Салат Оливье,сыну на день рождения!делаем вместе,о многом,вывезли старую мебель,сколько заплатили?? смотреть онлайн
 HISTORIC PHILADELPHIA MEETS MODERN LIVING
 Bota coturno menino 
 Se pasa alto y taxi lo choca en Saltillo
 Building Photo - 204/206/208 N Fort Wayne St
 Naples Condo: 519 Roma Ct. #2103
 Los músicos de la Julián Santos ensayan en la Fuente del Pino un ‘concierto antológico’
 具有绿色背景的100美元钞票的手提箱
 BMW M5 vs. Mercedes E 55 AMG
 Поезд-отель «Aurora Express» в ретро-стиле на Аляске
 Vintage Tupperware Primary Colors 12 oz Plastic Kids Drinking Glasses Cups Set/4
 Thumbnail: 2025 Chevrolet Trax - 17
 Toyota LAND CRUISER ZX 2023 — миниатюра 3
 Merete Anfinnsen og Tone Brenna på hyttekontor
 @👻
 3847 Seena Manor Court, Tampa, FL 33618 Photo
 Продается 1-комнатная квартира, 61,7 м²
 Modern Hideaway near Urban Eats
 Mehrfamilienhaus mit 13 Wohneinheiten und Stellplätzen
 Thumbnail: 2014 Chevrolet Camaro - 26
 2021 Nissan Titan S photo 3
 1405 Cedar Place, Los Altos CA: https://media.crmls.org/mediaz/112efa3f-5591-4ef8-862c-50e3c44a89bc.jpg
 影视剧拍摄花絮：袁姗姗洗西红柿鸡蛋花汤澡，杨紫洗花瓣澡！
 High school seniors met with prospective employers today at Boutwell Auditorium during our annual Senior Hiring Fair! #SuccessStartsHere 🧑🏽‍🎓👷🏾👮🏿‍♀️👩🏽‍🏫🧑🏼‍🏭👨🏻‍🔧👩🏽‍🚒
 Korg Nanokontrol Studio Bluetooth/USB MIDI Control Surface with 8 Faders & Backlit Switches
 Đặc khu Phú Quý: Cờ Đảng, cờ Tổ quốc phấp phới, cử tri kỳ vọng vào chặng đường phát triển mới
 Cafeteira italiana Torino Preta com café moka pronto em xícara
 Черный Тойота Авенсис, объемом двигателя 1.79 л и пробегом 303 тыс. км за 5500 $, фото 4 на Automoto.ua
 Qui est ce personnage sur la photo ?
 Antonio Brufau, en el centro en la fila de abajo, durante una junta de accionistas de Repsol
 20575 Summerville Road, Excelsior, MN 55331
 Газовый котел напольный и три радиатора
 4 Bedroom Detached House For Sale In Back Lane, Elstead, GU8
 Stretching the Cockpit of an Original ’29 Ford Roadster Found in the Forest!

# # # #

> Exercise description
Word for word, write out all the lines shown above.

> Answer to this task
Салат Оливье,сыну на день рождения!делаем вместе,о многом,вывезли старую мебель,сколько заплатили?? смотреть онлайн
 HISTORIC PHILADELPHIA MEETS MODERN LIVING
 Bota coturno menino 
 Se pasa alto y taxi lo choca en Saltillo
 Building Photo - 204/206/208 N Fort Wayne St
 Naples Condo: 519 Roma Ct. #2103
 Los músicos de la Julián Santos ensayan en la Fuente del Pino un ‘concierto antológico’
 具有绿色背景的100美元钞票的手提箱
 BMW M5 vs. Mercedes E 55 AMG
 Поезд-отель «Aurora Express» в ретро-стиле на Аляске
 Vintage Tupperware Primary Colors 12 oz Plastic Kids Drinking Glasses Cups Set/4
 Thumbnail: 2025 Chevrolet Trax - 17
 Toyota LAND CRUISER ZX 2023 — миниатюра 3
 Merete Anfinnsen og Tone Brenna på hyttekontor
 @👻
 3847 Seena Manor Court, Tampa, FL 33618 Photo
 Продается 1-комнатная квартира, 61,7 м²
 Modern Hideaway near Urban Eats
 Mehrfamilienhaus mit 13 Wohneinheiten und Stellplätzen
 Thumbnail: 2014 Chevrolet Camaro - 26
 2021 Nissan Titan S photo 3
 1405 Cedar Place, Los Altos CA: https://media.crmls.org/mediaz/112efa3f-5591-4ef8-862c-50e3c44a89bc.jpg
 影视剧拍摄花絮：袁姗姗洗西红柿鸡蛋花汤澡，杨紫洗花瓣澡！
 High school seniors met with prospective employers today at Boutwell Auditorium during our annual Senior Hiring Fair! #SuccessStartsHere 🧑🏽‍🎓👷🏾👮🏿‍♀️👩🏽‍🏫🧑🏼‍🏭👨🏻‍🔧👩🏽‍🚒
 Korg Nanokontrol Studio Bluetooth/USB MIDI Control Surface with 8 Faders & Backlit Switches
 Đặc khu Phú Quý: Cờ Đảng, cờ Tổ quốc phấp phới, cử tri kỳ vọng vào chặng đường phát triển mới
 Cafeteira italiana Torino Preta com café moka pronto em xícara
 Черный Тойота Авенсис, объемом двигателя 1.79 л и пробегом 303 тыс. км за 5500 $, фото 4 на Automoto.ua
 Qui est ce personnage sur la photo ?
 Antonio Brufau, en el centro en la fila de abajo, durante una junta de accionistas de Repsol
 20575 Summerville Road, Excelsior, MN 55331
 Газовый котел напольный и три радиатора
 4 Bedroom Detached House For Sale In Back Lane, Elstead, GU8
 Stretching the Cockpit of an Original ’29 Ford Roadster Found in the Forest!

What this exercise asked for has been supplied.